Half gliding, half floating in the air, the white-clad bog-wraiths were slowly retreating toward the still waters and the island ruin in fantastic formations suggesting some ancient and solemn
ceremonial dance. Their waving translucent arms, guided by the detestable piping of those unseen flutes, beckoned in uncanny rhythm to a throng of lurching labourers who followed dog-like with
blind, brainless, floundering steps as if dragged by a clumsy but resistless daemon-will. As the naiads neared the bog, without altering their course, a new line of stumbling stragglers zigzagged
drunkenly out of the castle from some door far below my window, groped sightlessly across the courtyard and through the intervening bit of village, and joined the floundering column of labourers on
the plain. Despite their distance below me I at once knew they were the servants brought from the north, for I recognised the ugly and unwieldy form of the cook, whose very absurdness had now
become unutterably tragic. The flutes piped horribly, and again I heard the beating of the drums from the direction of the island ruin. Then silently and gracefully the naiads reached the water and
melted one by one into the ancient bog; while the line of followers, never checking their speed, splashed awkwardly after them and vanished amidst a tiny vortex of unwholesome bubbles which I could
barely see in the scarlet light. And as the last pathetic straggler, the fat cook, sank heavily out of sight in that sullen pool, the flutes and the drums grew silent, and the blinding red rays
from the ruins snapped instantaneously out, leaving the village of doom lone and desolate in the wan beams of a new-risen moon.
My condition was now one of indescribable chaos. Not knowing whether I was mad or sane, sleeping or waking, I was saved only by a merciful numbness. I believe I did ridiculous things such as
offering prayers to Artemis, Latona, Demeter, Persephone, and Plouton. All that I recalled of a classic youth came to my lips as the horrors of the situation roused my deepest superstitions. I felt
that I had witnessed the death of a whole village, and knew I was alone in the castle with Denys Barry, whose boldness had brought down a doom. As I thought of him new terrors convulsed me, and I
fell to the floor; not fainting, but physically helpless. Then I felt the icy blast from the east window where the moon had risen, and began to hear the shrieks in the castle far below me. Soon
those shrieks had attained a magnitude and quality which cannot be written of, and which make me faint as I think of them. All I can say is that they came from something I had known as a
friend.
At some time during this shocking period the cold wind and the screaming must have roused me, for my next impression is of racing madly through inky rooms and corridors and out across the
courtyard into the hideous night. They found me at dawn wandering mindless near Ballylough, but what unhinged me utterly was not any of the horrors I had seen or heard before. What I muttered about
as I came slowly out of the shadows was a pair of fantastic incidents which occurred in my flight; incidents of no significance, yet which haunt me unceasingly when I am alone in certain marshy
places or in the moonlight.
As I fled from that accursed castle along the bog’s edge I heard a new sound; common, yet unlike any I had heard before at Kilderry. The stagnant waters, lately quite devoid of animal
life, now teemed with a horde of slimy enormous frogs which piped shrilly and incessantly in tones strangely out of keeping with their size. They glistened bloated and green in the moonbeams, and
seemed to gaze up at the fount of light. I followed the gaze of one very fat and ugly frog, and saw the second of the things which drove my senses away.

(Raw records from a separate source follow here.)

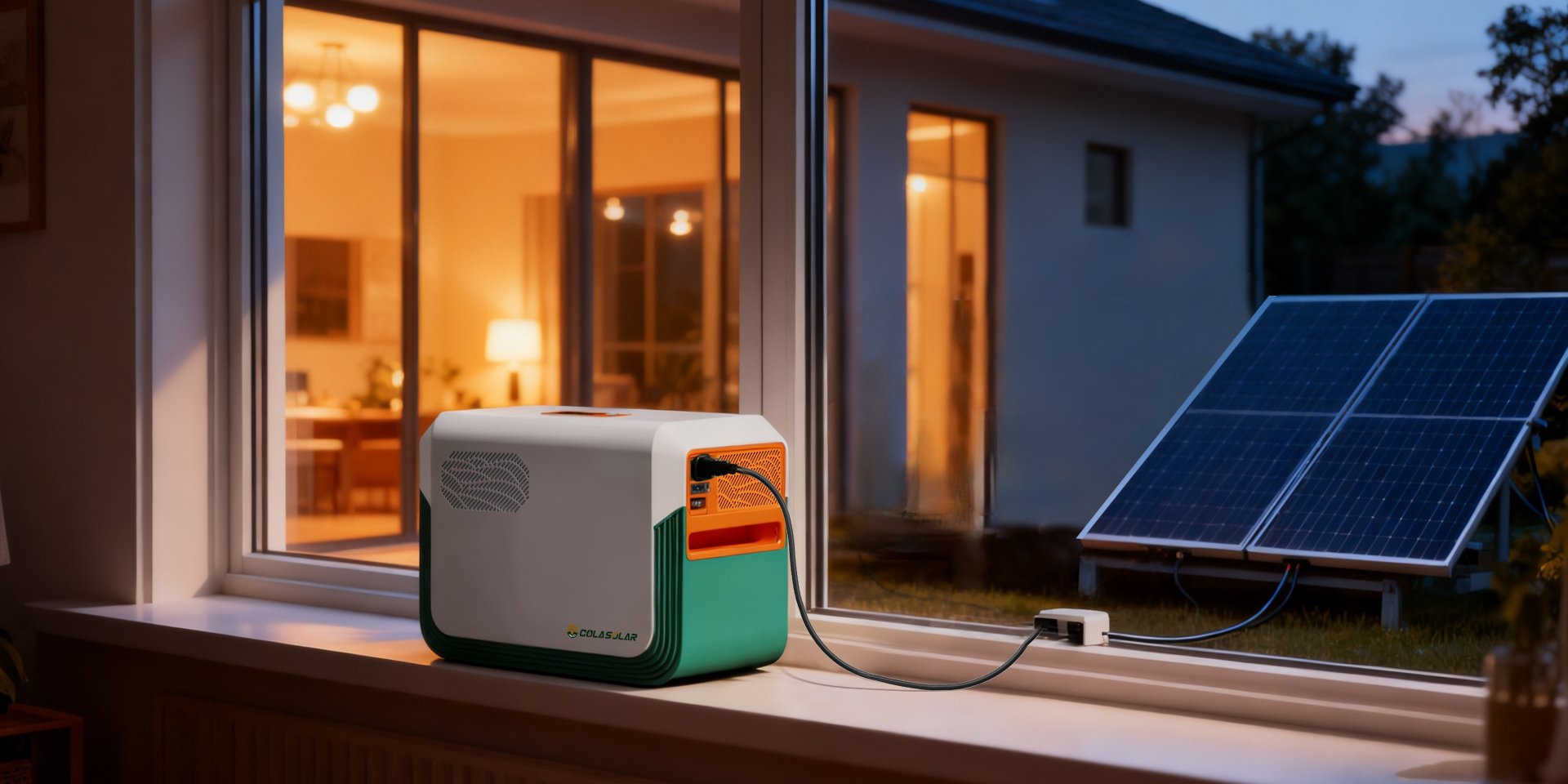 Solar Generators product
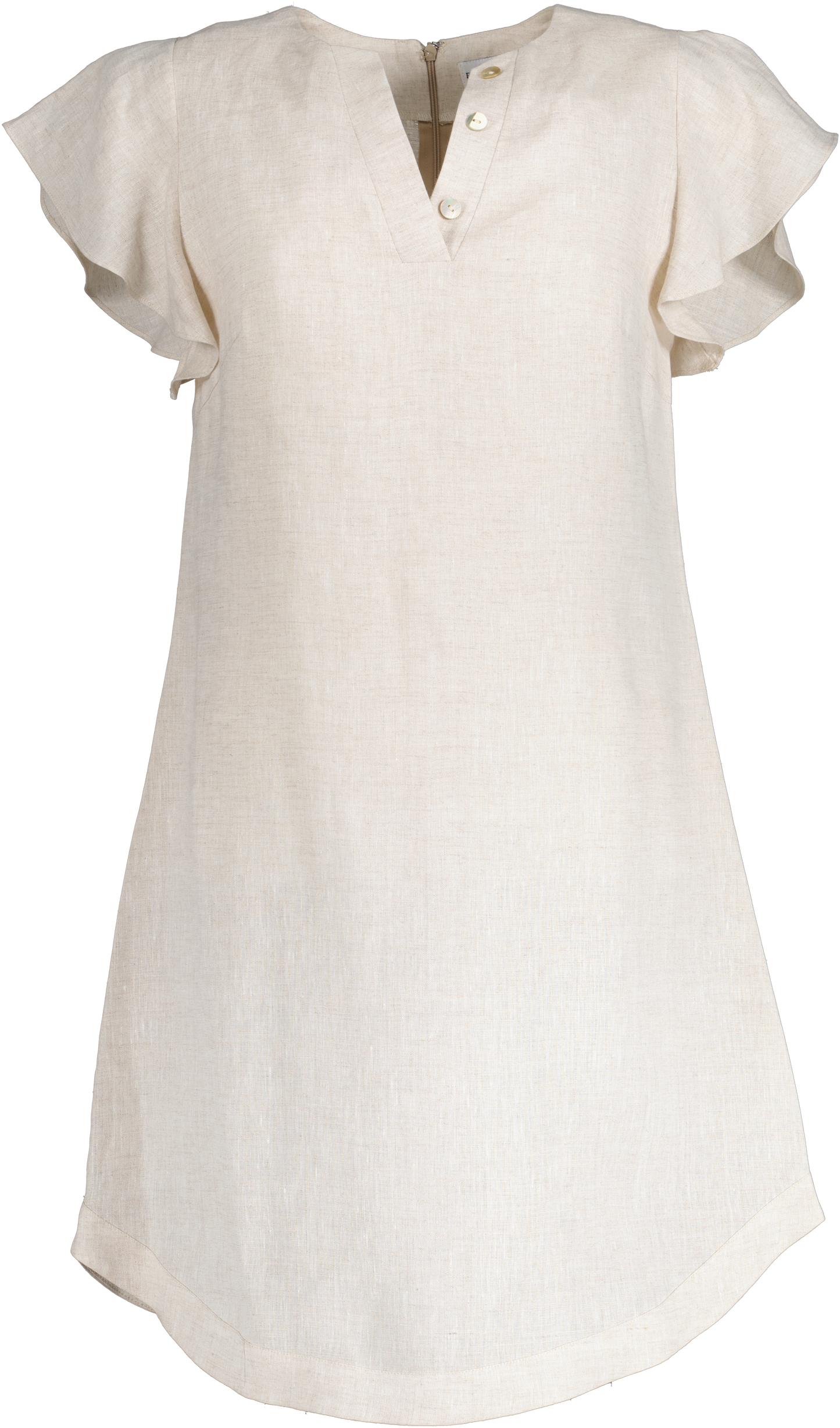 Vestido Camila 100% lino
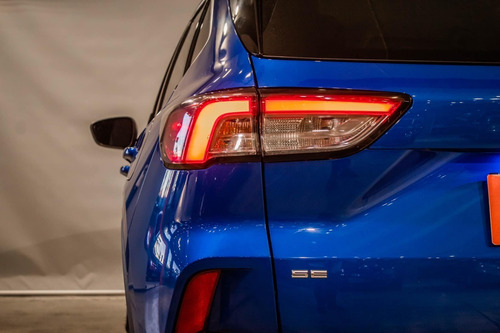 Ford Kuga Se 2.5 Hibrido At 56.000km 2020 Azul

Stretching directly from the strange olden ruin on the far islet to the waning moon, my eyes seemed to trace a beam of faint quivering radiance having no reflection in the waters of the bog. And
upward along that pallid path my fevered fancy pictured a thin shadow slowly writhing; a vague contorted shadow struggling as if drawn by unseen daemons. Crazed as I was, I saw in that awful shadow
a monstrous resemblance—a nauseous, unbelievable caricature—a blasphemous effigy of him who had been Denys Barry.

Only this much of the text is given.